Posts Tagged ‘Garden Mirror’

This is kind of my own invention (The Design), I got the idea from the mirror strings you can buy from some garden centers which sell them as pigeon deterrents. The issue with the latter is that they are cheaply made (small mirrors glued to fishing line – that’s it!) and they don’t last many heavy wind sessions before you see them broken all over the ground (I have seen this happen probably around 20 times in the last 4 years).

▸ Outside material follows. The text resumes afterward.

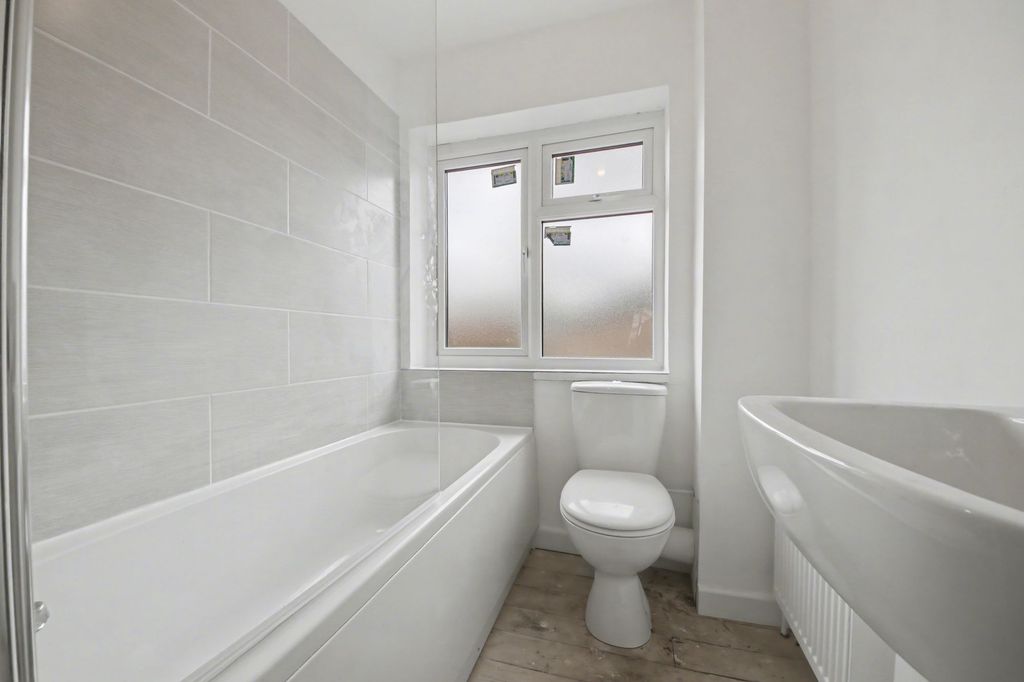 Additional image 4 of 3 bed terraced house for saleManor Farm Road, Bitterne Park SO18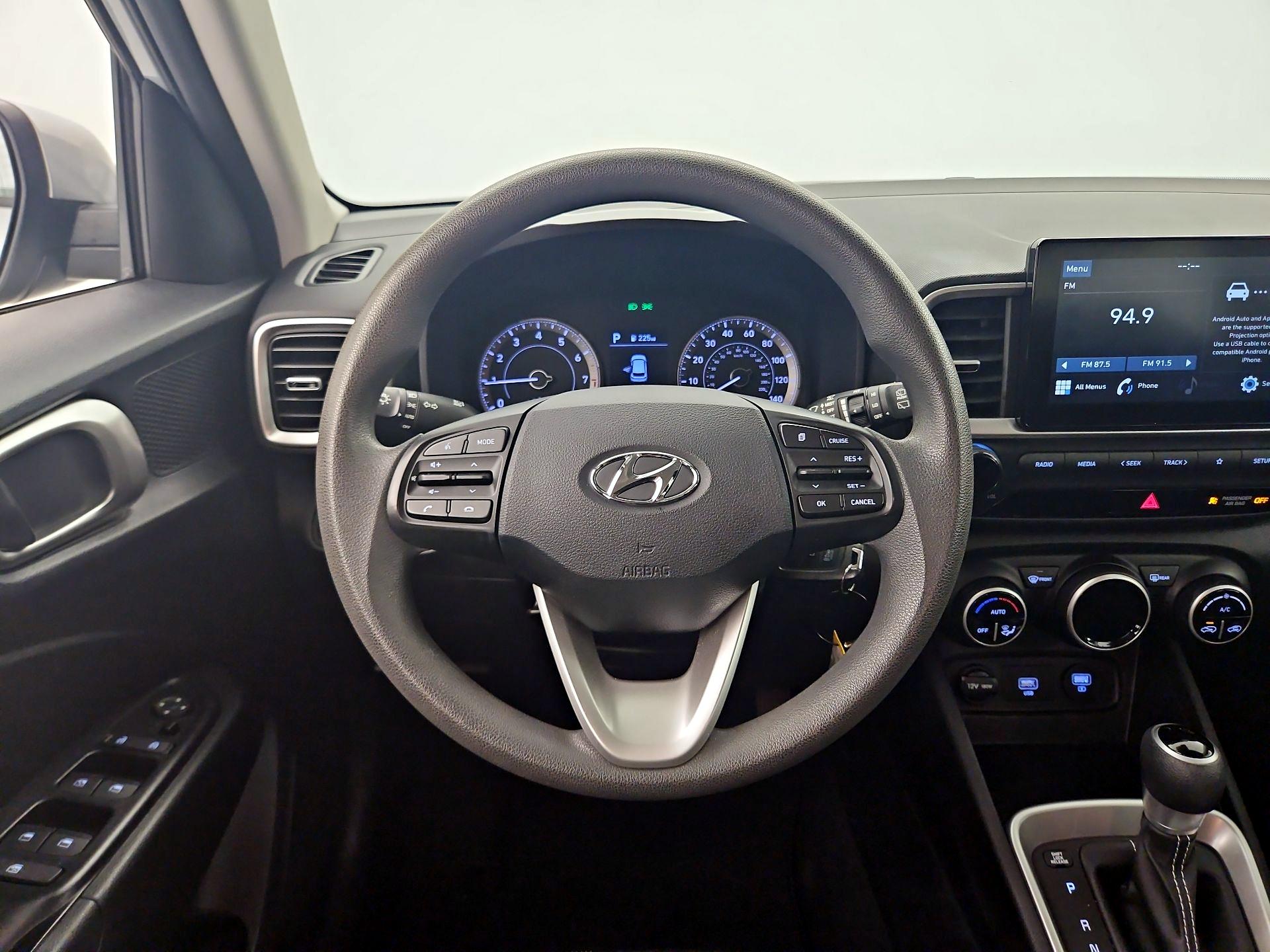 Thumbnail: 2020 Hyundai Venue - 10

So I decided to design my own – with the emphasis on lasting, and not really as a pest deterrent but more as a Garden Ornament. I also took some inspiration from a Permaculture book I read which had a reflection chart (depicting the reflection values of various objects from Aluminium foil to wood, rocks etc.).

Tools:

  • Timber Saw
  • Wood Glue (PVA) or Silicone Glue if preferred
  • Drill and Screws
  • 4x wood screw type vine eyes (screws with a closed loop on top)
  • Strong Fishing Line or Thin Cable / Wire
  • Wire Cutters and Pliers

Optional:

  • Some Colourful Outdoor Paint / or just wood varnish
  • brush / es
  • Sealant spray paint (if you use indoor paint instead of outdoor)

Materials:

  • Long-ish piece of Timber (square profile – about 4cm x 4cm x any length you like), you may need to use the same piece to cut the supports to hold the Charm
  • Small Mirrors, get mixed shapes if you like (known as Mosaic or Tile Mirrors)
  • Sea Shells (optional)
  • Glass Gems (also known as flat marbles) – (optional)
  • Pool Tiles (optional)

In the following diagram, you merely cut out a couple of wedges from two of the sides of the timber, these you will stick to the other two sides to create angled surfaces to place more mirrors ( we want many mirrors reflecting in various directions and angles, so please don’t be regimentalised when you are cutting – let go of the OCD for this project ! )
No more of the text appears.